2. A method according to claim 1, further comprising comparing the clusters relating to the objects contained in the images identified as containing an occurrence of said user-specified object with the one or more clusters relating to said user-specified object, and ranking said images identified as containing an occurrence of said user- specified object according to the similarity of the one or more clusters associated therewith to the cluster associated with said user-specified object.

3. A method according to claim 1, wherein at least two types of viewpoint covariant regions are defined in respect of each of said images.

4. A method according to claim 3, wherein a descriptor is computed in respect of each type of viewpoint covariant region.

5. A method according to claim 4, wherein one or more separate clusters are formed in respect of each type of viewpoint covariant region.

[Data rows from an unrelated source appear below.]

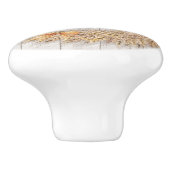 ビーチシェルリースドロワー/キャビネットノブ セラミックノブ (側面)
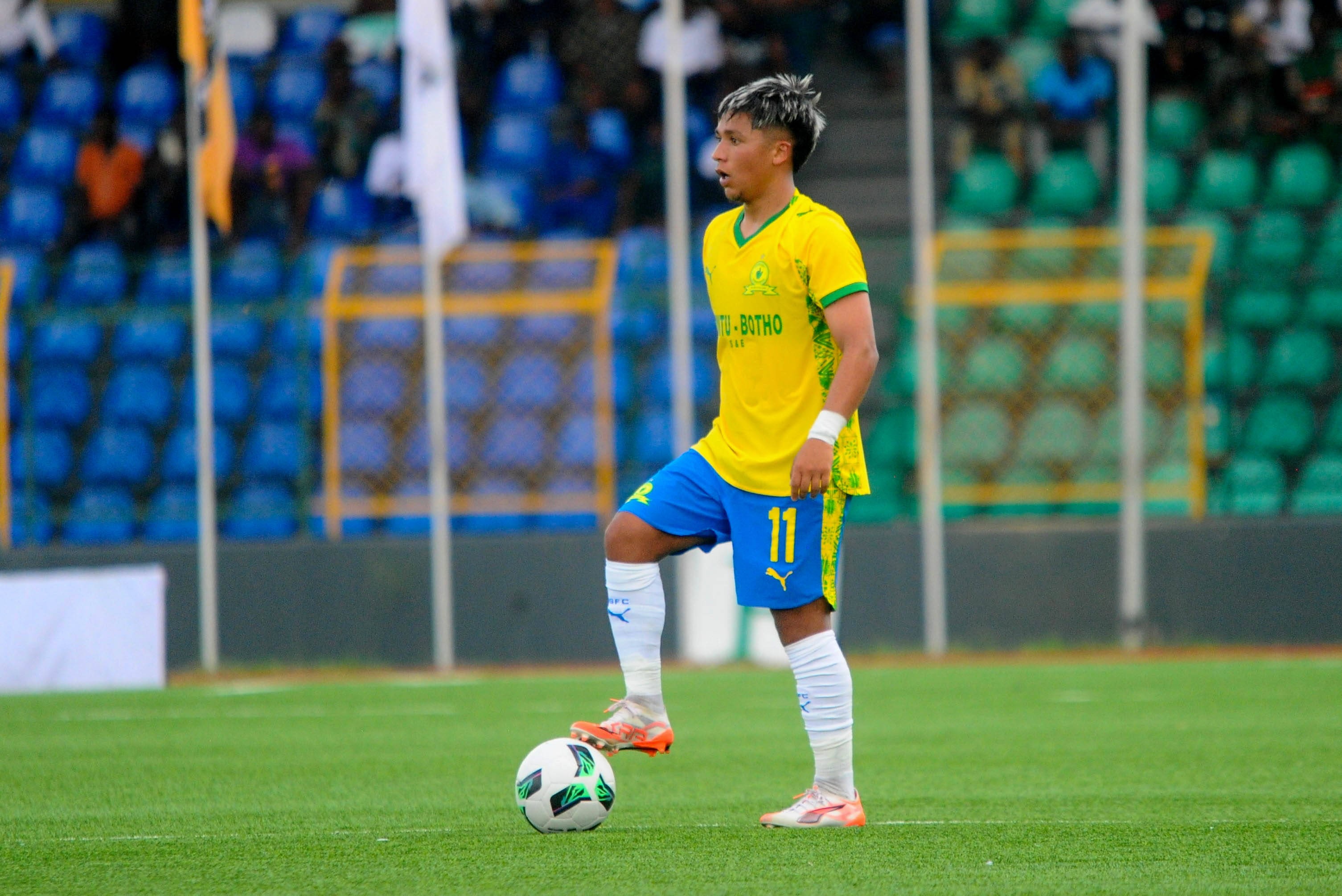Marcelo Allende came off the bench Mamelodi Sundowns in Lubumbashi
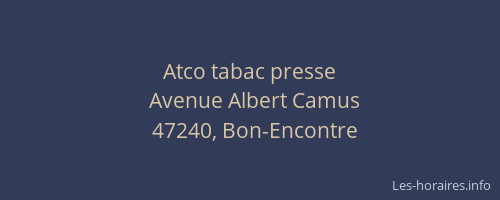 Atco tabac presse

6. A method according to claim 3, wherein said at least two types of viewpoint covariant regions include Shape Adapted and Maximally Stable regions respectively.

7. A method according to claim 1, wherein said user-specified object is specified as a sub-part of an image.

8. A method according to claim 7, wherein identification of said user-specified object is performed by first vector quantizing the descriptor vectors in a sub-part of an image to precomputed cluster centers.

9. A method according to claim 1, wherein the regions defined in each image are tracked through contiguous images and unstable regions are rejected.

10. A method according to claim 9, wherein an estimate of a descriptor for a track is computed from the descriptors throughout the track.

11. A method according to claim 1, wherein each image or portion thereof is represented by one or more cluster frequencies.

12. A method according to claim 11, wherein said cluster frequency is weighted.

13. A method according to claim 1, wherein a predetermined proportion of most frequently occurring clusters in said plurality of images are omitted from or suppressed in such index.

14. A method according to claim 1, wherein said index comprises an inverted file structure having an entry for each cluster which stores all occurrences of the same cluster in all of said plurality of images and possibly more precomputed information about each cluster occurrence such as for example its spatial neighbours in an image.

15. A method according to claim 1, including the step of ranking said images using local image spatial coherence or global relationships of said descriptor vectors.

16. A method of identifying a user-specified object contained in one or more image frames of a moving picture, the method comprising associating a plurality of different ‘visual aspects’ with each of a plurality of respective objects in said moving picture, retrieving the ‘visual aspects’ associated with said user- specified object, and matching said ‘visual aspects’ associated with said user-specified object with objects in said frames of said moving picture so as to identify instances of said user-specified object in said frames.

17. A method according to claim 16, wherein the ‘visual aspects’ associated with an object are obtained using one or more sequences or shots of a moving picture in which said object occurs.

18. A method according to claim 16, comprising tracking said object through a plurality of image frames in a sequence.

19. A method according to claim 18, comprising defining affine invariant regions of objects in said image frames and tracking one or more regions through a plurality of image frames in a sequence.

20. A method according to claim 19, comprising, in the event that a track terminates in an image fame of a sequence, propagating the track to either following or preceeding image frames in the sequence, so as to create a substantially continuous track throughout the image frames in the sequence.

21. A method according to claim 19 where tracked regions are grouped into objects according to their common motion using constraints arising from rigid or semi- rigid object motion.